» **What you will do**
Among the entries below, find the line with "By ventilating the" and the line with "You'll love the". Return exactly those lines and every line between them, but no pictures.

» **Records shown**
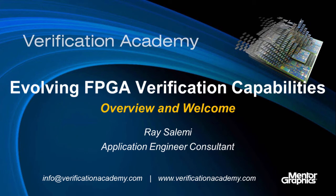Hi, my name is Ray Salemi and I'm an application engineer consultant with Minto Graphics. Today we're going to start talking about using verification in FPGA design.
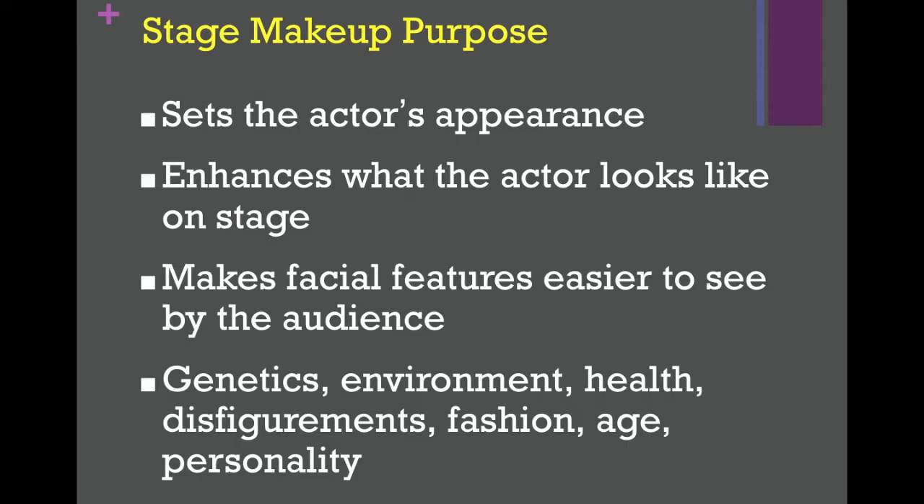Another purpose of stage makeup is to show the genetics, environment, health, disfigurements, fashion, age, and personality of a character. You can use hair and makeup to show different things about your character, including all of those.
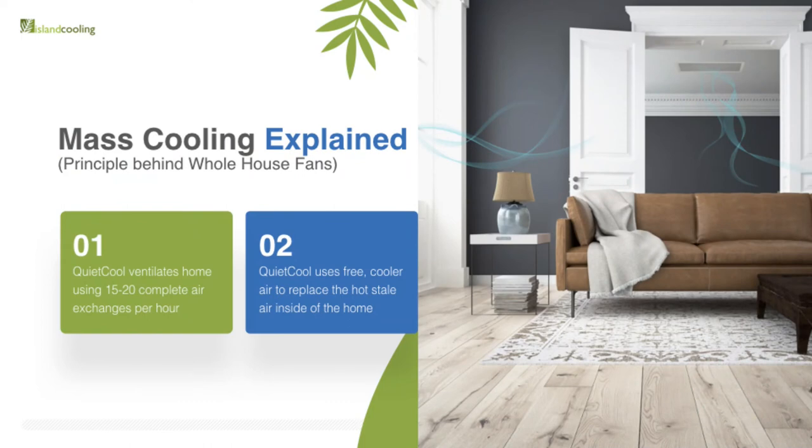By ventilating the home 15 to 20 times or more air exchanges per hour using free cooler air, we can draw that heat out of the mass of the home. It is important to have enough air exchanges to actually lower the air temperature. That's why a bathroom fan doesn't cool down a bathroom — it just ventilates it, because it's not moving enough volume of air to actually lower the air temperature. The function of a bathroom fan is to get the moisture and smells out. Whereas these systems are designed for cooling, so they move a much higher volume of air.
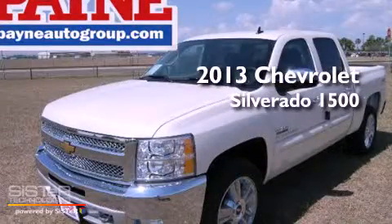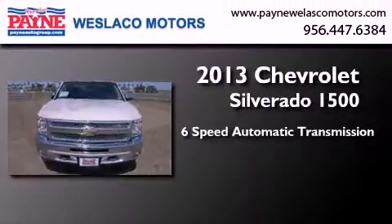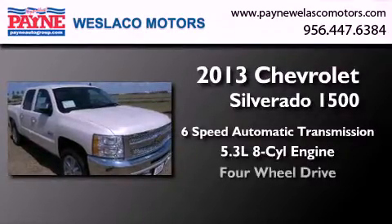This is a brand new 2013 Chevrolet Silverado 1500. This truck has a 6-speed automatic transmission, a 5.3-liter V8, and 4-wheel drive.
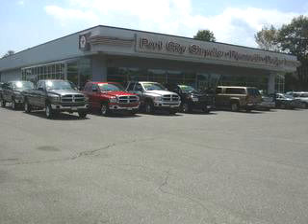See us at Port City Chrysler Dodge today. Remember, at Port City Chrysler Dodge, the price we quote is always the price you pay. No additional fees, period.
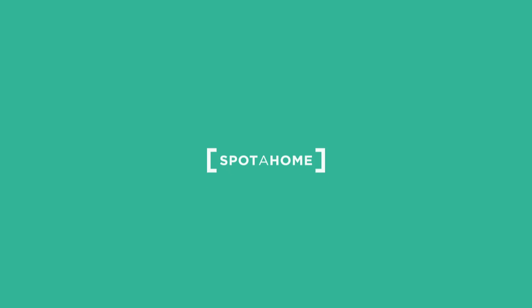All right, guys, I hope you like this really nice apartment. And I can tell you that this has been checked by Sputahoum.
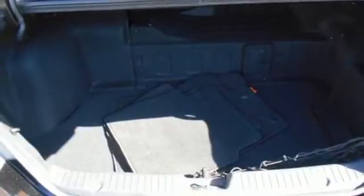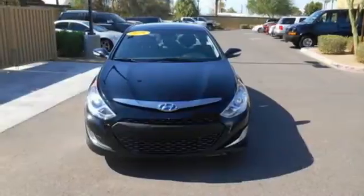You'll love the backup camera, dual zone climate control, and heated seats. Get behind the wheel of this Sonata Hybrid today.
--
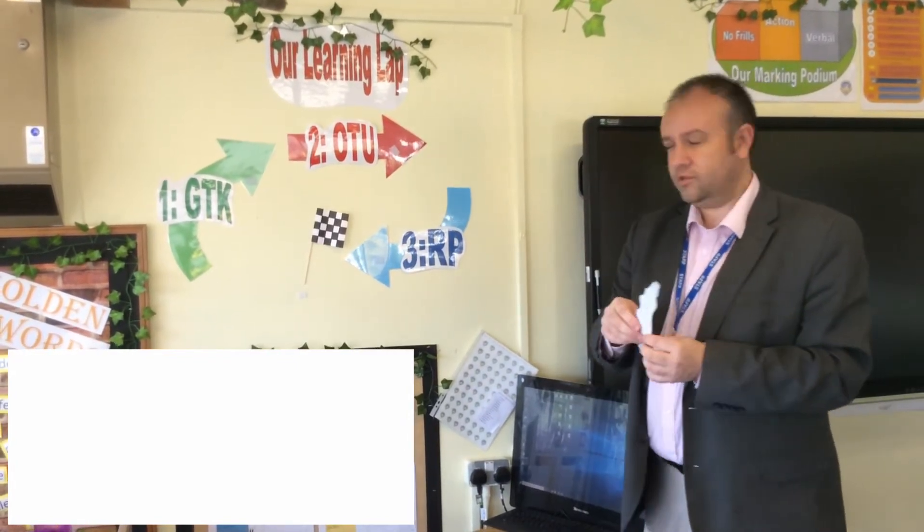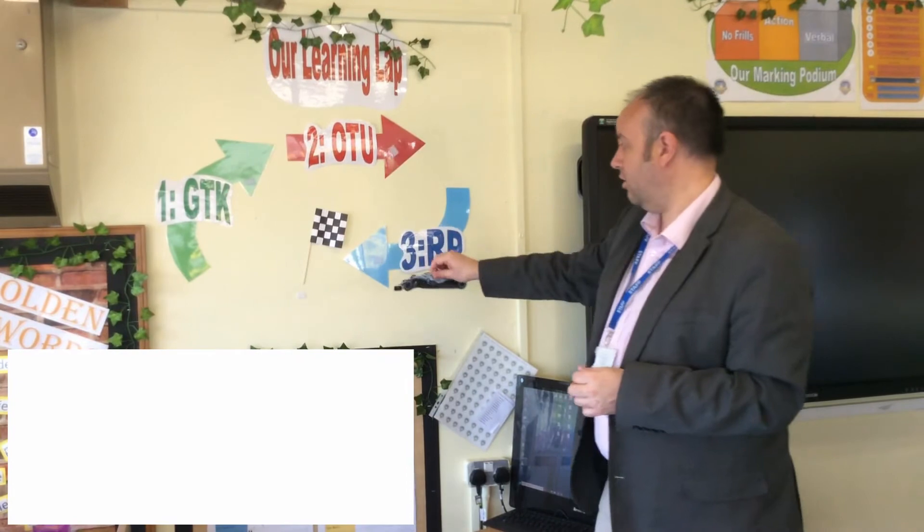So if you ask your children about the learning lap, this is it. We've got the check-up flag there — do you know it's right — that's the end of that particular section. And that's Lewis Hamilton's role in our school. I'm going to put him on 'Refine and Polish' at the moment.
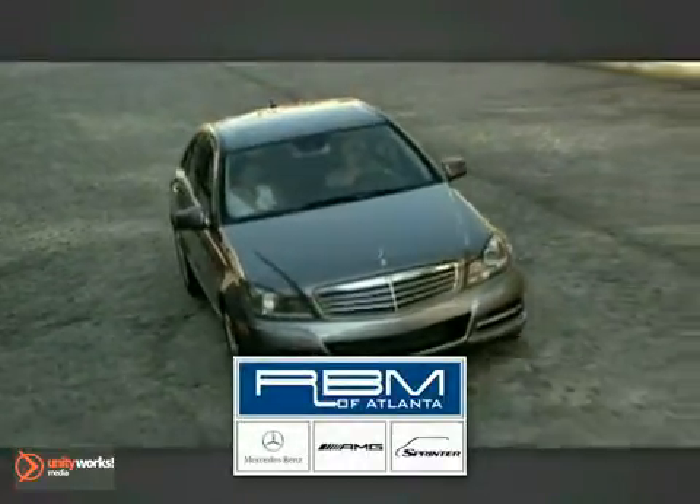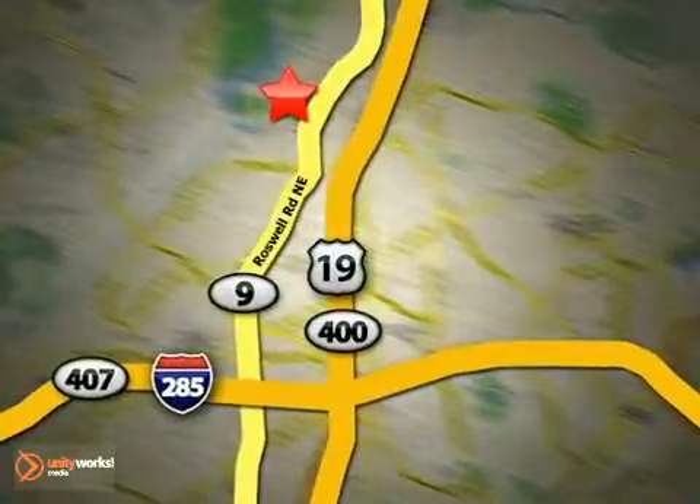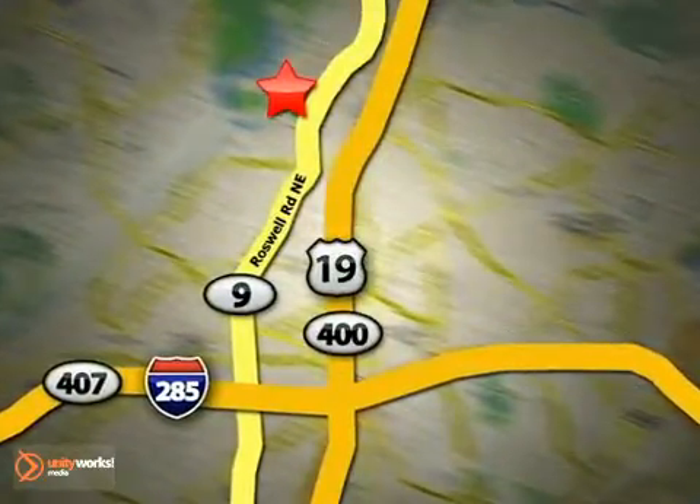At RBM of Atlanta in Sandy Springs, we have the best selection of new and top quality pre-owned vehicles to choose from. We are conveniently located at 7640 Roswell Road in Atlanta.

» **Response to the exercise**
By ventilating the home 15 to 20 times or more air exchanges per hour using free cooler air, we can draw that heat out of the mass of the home. It is important to have enough air exchanges to actually lower the air temperature. That's why a bathroom fan doesn't cool down a bathroom — it just ventilates it, because it's not moving enough volume of air to actually lower the air temperature. The function of a bathroom fan is to get the moisture and smells out. Whereas these systems are designed for cooling, so they move a much higher volume of air.
This is a brand new 2013 Chevrolet Silverado 1500. This truck has a 6-speed automatic transmission, a 5.3-liter V8, and 4-wheel drive.
See us at Port City Chrysler Dodge today. Remember, at Port City Chrysler Dodge, the price we quote is always the price you pay. No additional fees, period.
All right, guys, I hope you like this really nice apartment. And I can tell you that this has been checked by Sputahoum.
You'll love the backup camera, dual zone climate control, and heated seats. Get behind the wheel of this Sonata Hybrid today.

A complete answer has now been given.